Can you take me right back to the start, I ask.

She looks at me awkwardly. “You mean the night she was born?” I had meant Jennifer’s childhood. But not wanting to look a gift horse in the mouth, I chance my arm.

“Well, now that you mention it . . . did Florence acquire her name in the same way Brooklyn Beckham acquired his?” (The child of David and Victoria Beckham was conceived in a hotel in the famous borough of New York City.)

“No, if that were the case, we would have called her Vicar Street,” she laughs.

“It was around his [her husband, Lau Zamparelli] birthday. We were at a Jurassic 5 gig in Vicar Street.”

She sees the image in her head and has to clarify. “Not actually in Vicar Street . . . or around the back, for that matter. But then we travelled to Italy, and the city was just somewhere that we loved.”

The thing about Jennifer is that she is what an Irish person would affectiona­tely call a funny fucker. And she’s that way without trying.

She picked up her deadpan delivery at an early age.
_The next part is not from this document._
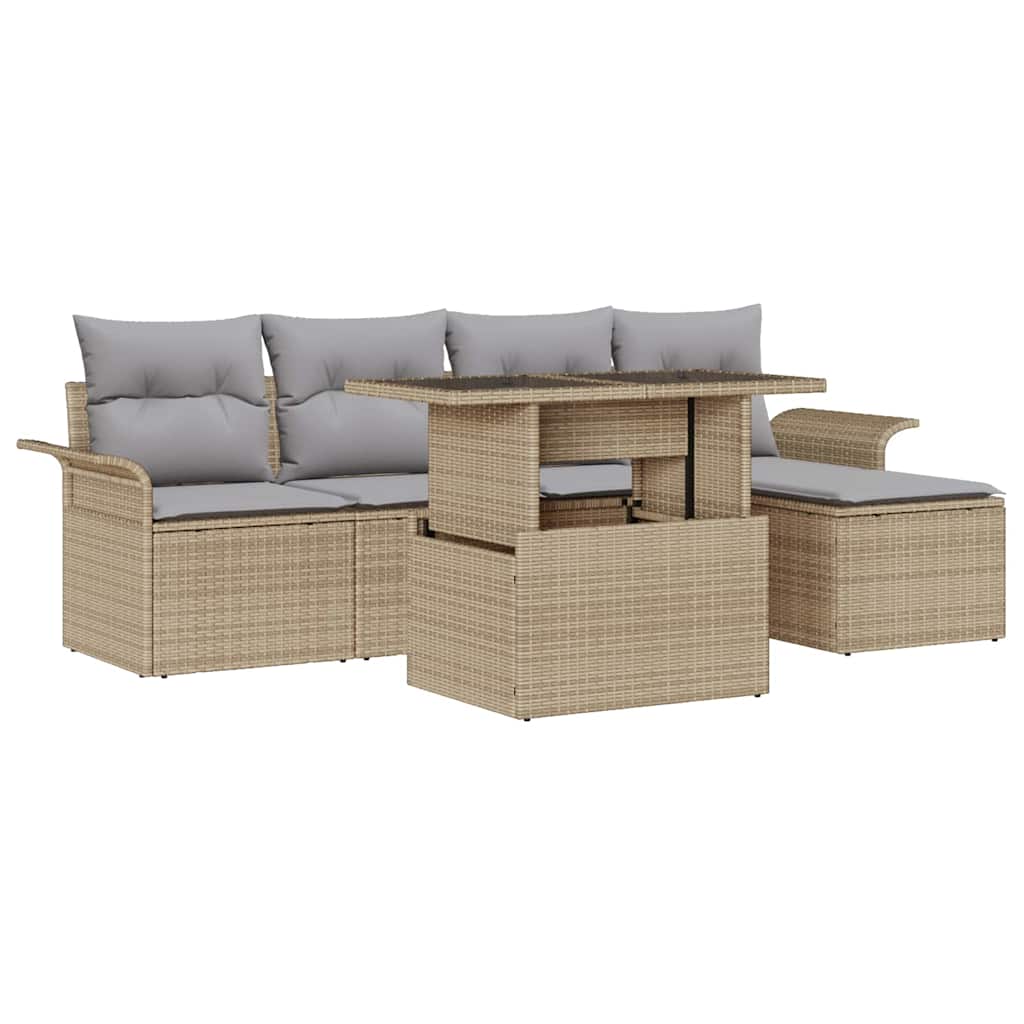 Kerti Kanapé Szett párnával tárolóval 6 pcs Bézs Poli rattan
She grew up in Baldoyle in Dublin, the youngest in a family of eight. She says, “When you come from a big family, you have to have a sense of humour.”

At Christmas, they used to pile around the TV and watch all the greats: Brendan O’Carroll, Billy Connolly, Lee Evans. She maintains she is the dullest of her clan, once they are seated around a dinner table. Her nearest sibling is seven years older. Were you a surprise? “I think we were all a bit of a surprise, to be honest,” she says in her best knowingmam­my voice. “I think back in the 1980s, they were all a little bit clueless. They didn’t know what they were doing.”

As a kid, what she remembers of Baldoyle is a good-looking boy on her block named Nicky Byrne.

Her standout memory of the man whose face went on to adorn the bedroom walls of a million little girls, involves a football tournament when they were both 10.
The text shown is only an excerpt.